Innanzi tutto, i titisti procedettero alla revi­sione dei princìpi fondamentali del marxismo-leninismo sul ruolo e la missione del potere rivolu­zionario e del partito comunista nella società so­cialista. Essi attaccarono la tesi marxista sul ruolo guida del partito comunista in tutti i campi della vita, nonché nel sistema di dittatura del proleta­riato. Seguendo l’esempio di Browder in America, essi praticamente procedettero alla liquidazione del partito, non solo perché gli cambiarono il nome, chiamandolo Lega dei comunisti, ma anche modificandone le finalità, le funzioni, l’organizazzione e il ruolo che doveva svolgere nella rivoluzione e nella costruzione del socialismo. I titisti trasformarono il loro partito in un’associazione educativa-propagandistica. Essi svuotarono il Partito Comunista Jugoslavo del suo spirito rivoluzionario e, de facto, si spinsero al punto di eliminare l’influenza del partito e di sottometterlo al ruolo del Fronte popolare.

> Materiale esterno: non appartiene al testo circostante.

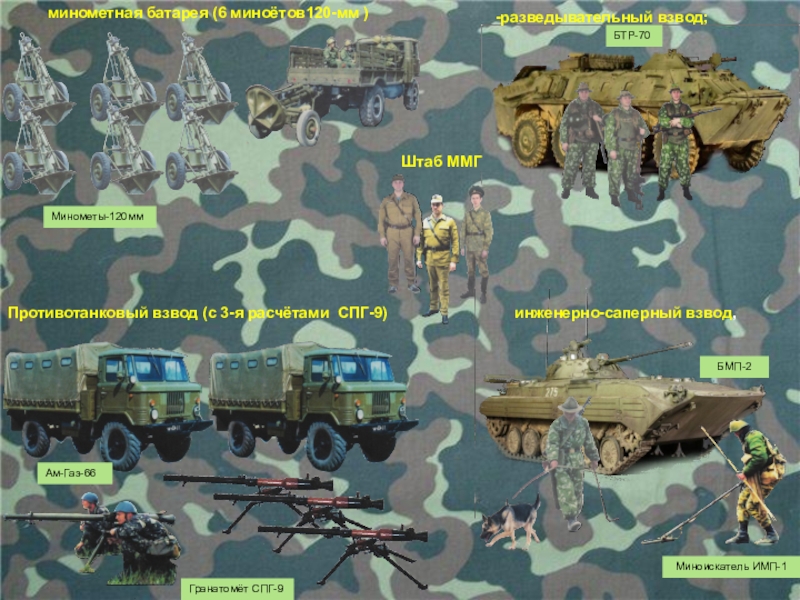 Боевая подготовка пограничных войск в Афганистане минометная батарея (6 миноётов120-мм ) -разведывательный взвод; инженерно-саперный взвод, Противотанковый взвод (с 3-я расчётами СПГ-9) Штаб ММГМинометы-120ммАм-Газ-66Гранатомёт СПГ-9БТР-70БМП-2Миноискатель ИМП-1 минометная батарея (6 миноётов120-мм ) -разведывательный взвод; инженерно-саперный взвод, Противотанковый взвод (с 3-я расчётами СПГ-9) Штаб ММГМинометы-120ммАм-Газ-66Гранатомёт СПГ-9БТР-70БМП-2Миноискатель ИМП-1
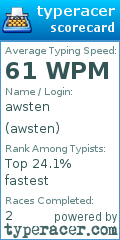 Scorecard for user awsten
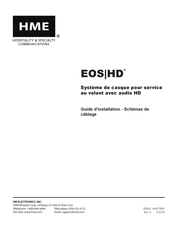 HM Electronics EOS|HD Guide D'installation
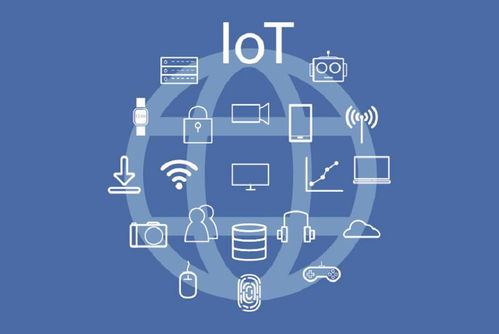 物聯網時代下，金融業的智能化蛻變 技術賦能與服務革新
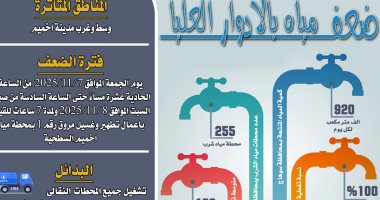 انقطاع المياه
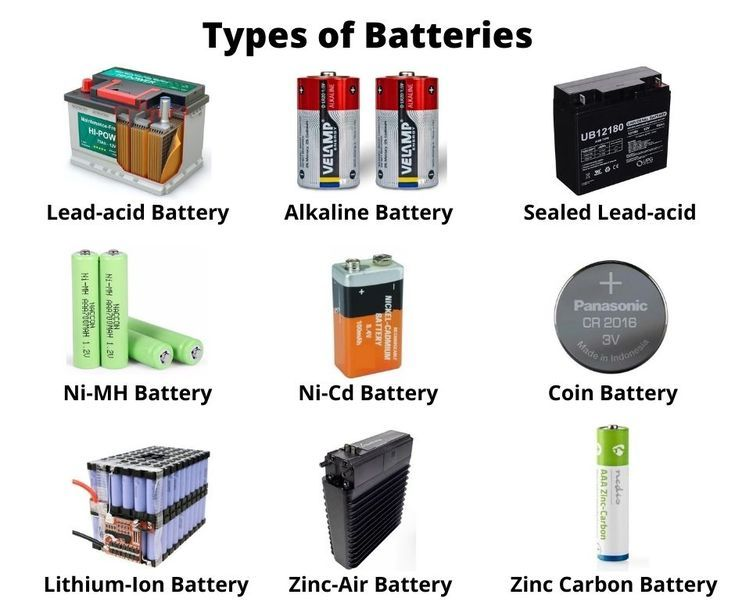 shipping batteries from china to canada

Per quel che riguarda la questione cardinale del partito, cioè il fattore guida della rivoluzione e della costruzione del socialismo, c’è un’affinità fra i punti di vista politici, ideologici e organizza­tivi del browderismo e del titismo. Finché il titi­smo, così come il browderismo, è liquidatorio e an­timarxista per quel che riguarda la piattaforma de­cisiva del ruolo d’avanguardia del partito della classe operaia nella rivoluzione e nella costru­zione del socialismo, tale esso è anche per quel che riguarda tutte le altre piattaforme.

La somiglianza fra i punti di vista dei titisti con quelli di Browder appare anche nella posizio­ne nei confronti della «democrazia americana», che i titisti hanno preso a modello per la struttura del sistema politico in Jugoslavia. Lo stesso Kardelj ha ammesso che questo sistema è «... simile all’organizzazione del potere esecutivo negli Sta­ti Uniti d’America».(13)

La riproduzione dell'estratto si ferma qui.